Our help is much more than money and supplies. It is the experts we have deployed worldwide, and those still conducting tutorials today via teleconference. It includes trained doctors and public-health professionals who have studied at American educational institutions through U.S.-funded scholarships or participated in U.S. government exchanges. It is people like Young Leaders of the Americas Fellow Michelle Samuels continuing to advance the development of women entrepreneurs and Fulbright alumnus Nyo Serieux helping his students at Sir Arthur Lewis Community College transition to an online learning environment. It is not only our government helping the world either.

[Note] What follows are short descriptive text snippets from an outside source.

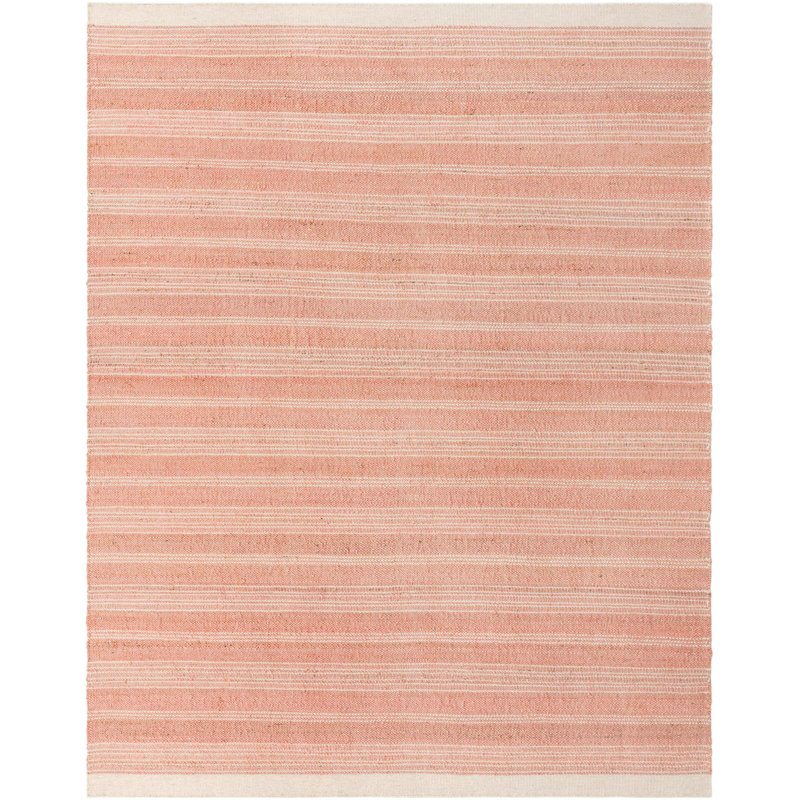 Benedict Striped Indoor Rug, Rectangle 9' x 12'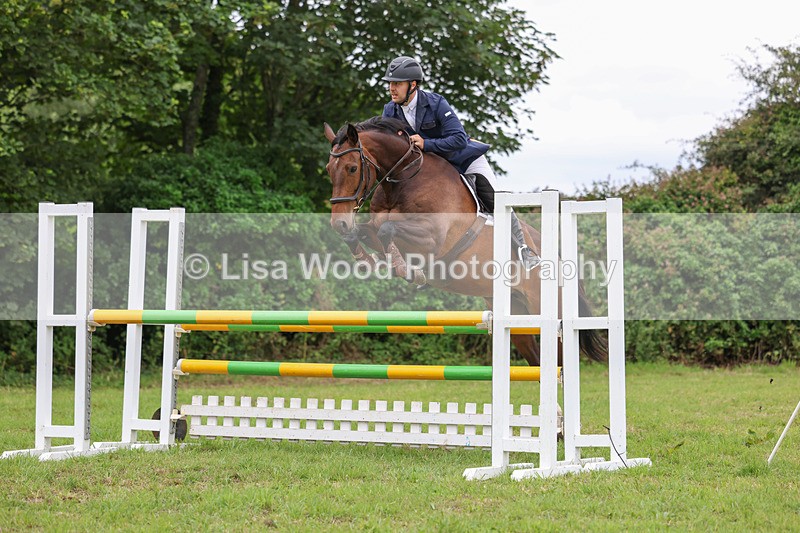 3E7A7773 - Class 6: Senior Discovery/1m open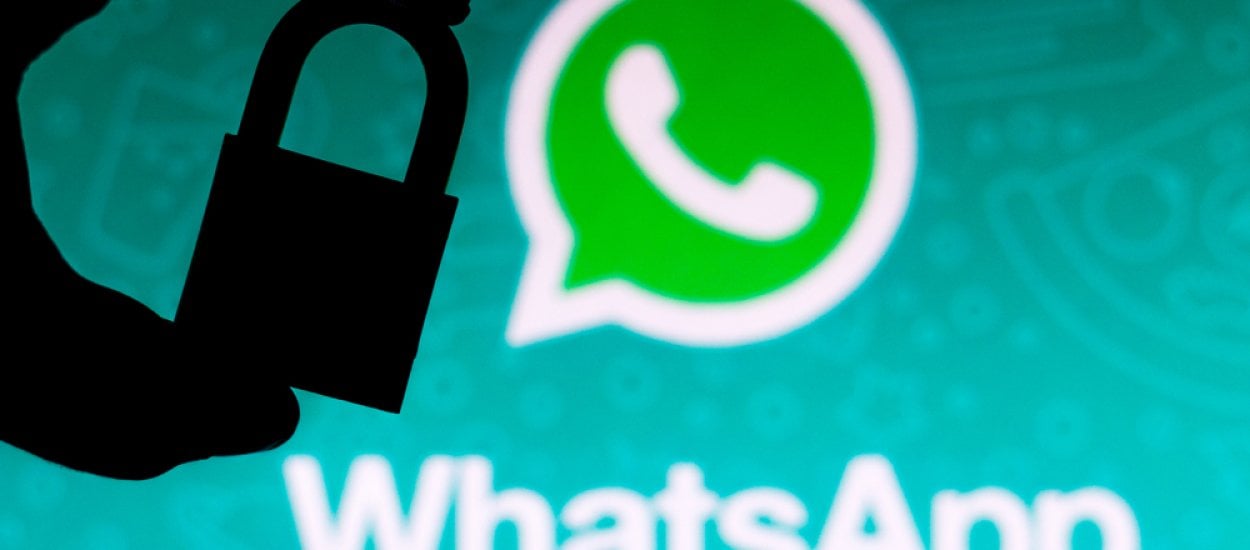 Hakerzy podszywali się pod wsparcie techniczne. Do komunikacji użyli WhatsApp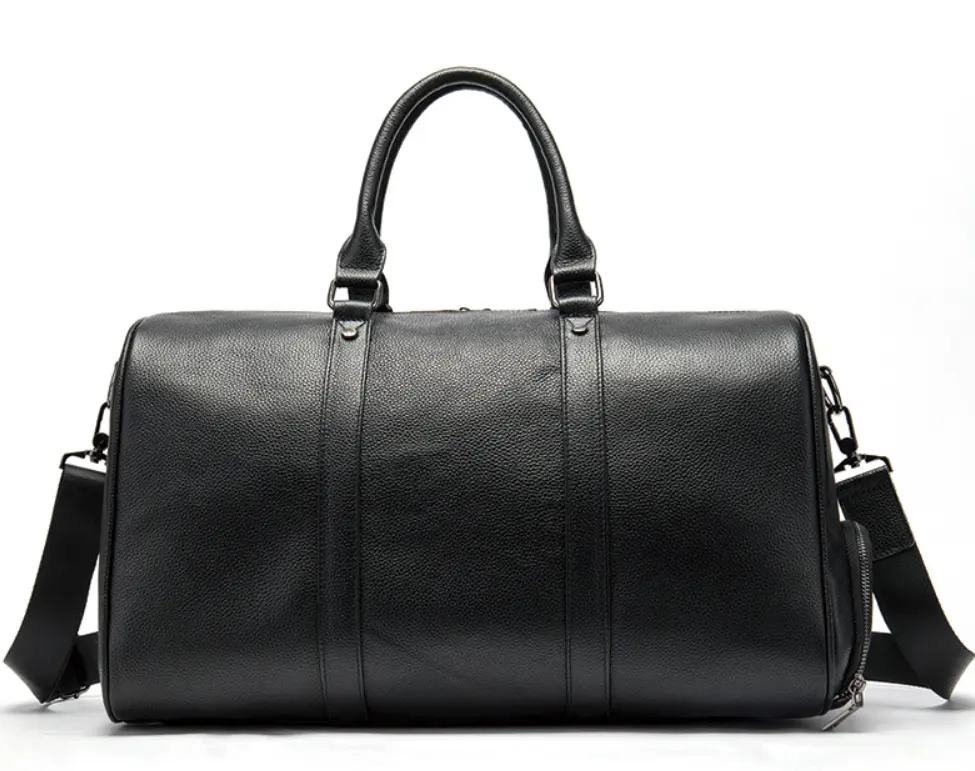 The First Layer Of Leather Leisure Portable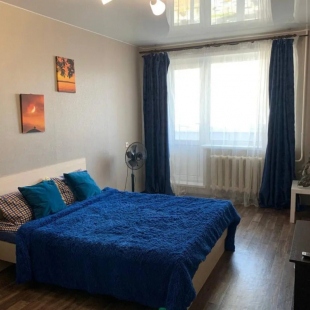 Фотография квартиры Апартаменты на Варейкиса 42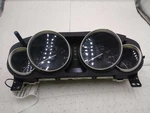 2009 Mazda Speedometer Gauge Oem Grey 2.5L 166K Miles GAA955446. Fixed Price $99.99.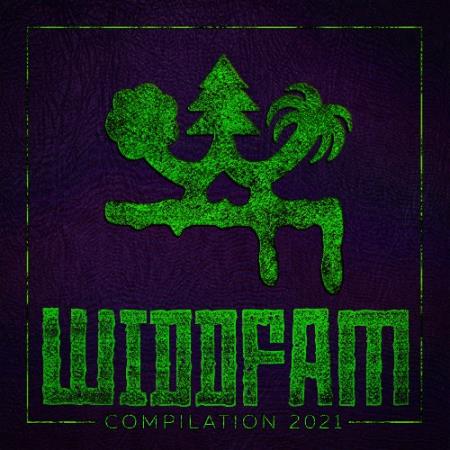 Widdfam Compilation 2021 (2022)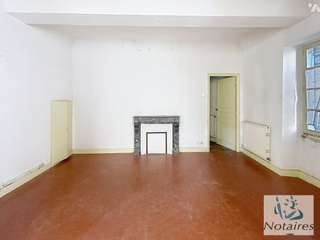Vente maison 16 pièces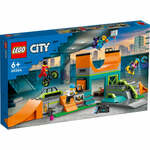 LEGO® City 60364 Mestni rolkarski park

American businesses, non-governmental organizations, and faith-based organizations have given nearly US$3 billion in donations and assistance, including U.S. citizens and American organizations and companies I’ve seen featured in the press every week.
These are the stones of hope. Some are measured in dollars signs. Some are easily photographed. Many are not. The truth is the United States will aid others during their time of greatest need. The COVID-19 pandemic is no different. We will continue to help countries build resilient health care systems that can prevent, detect, and respond to infectious disease outbreaks. Just as the United States has made the world more healthy, peaceful, and prosperous for generations, so will we lead in defeating our shared pandemic enemy, and rising stronger in its wake.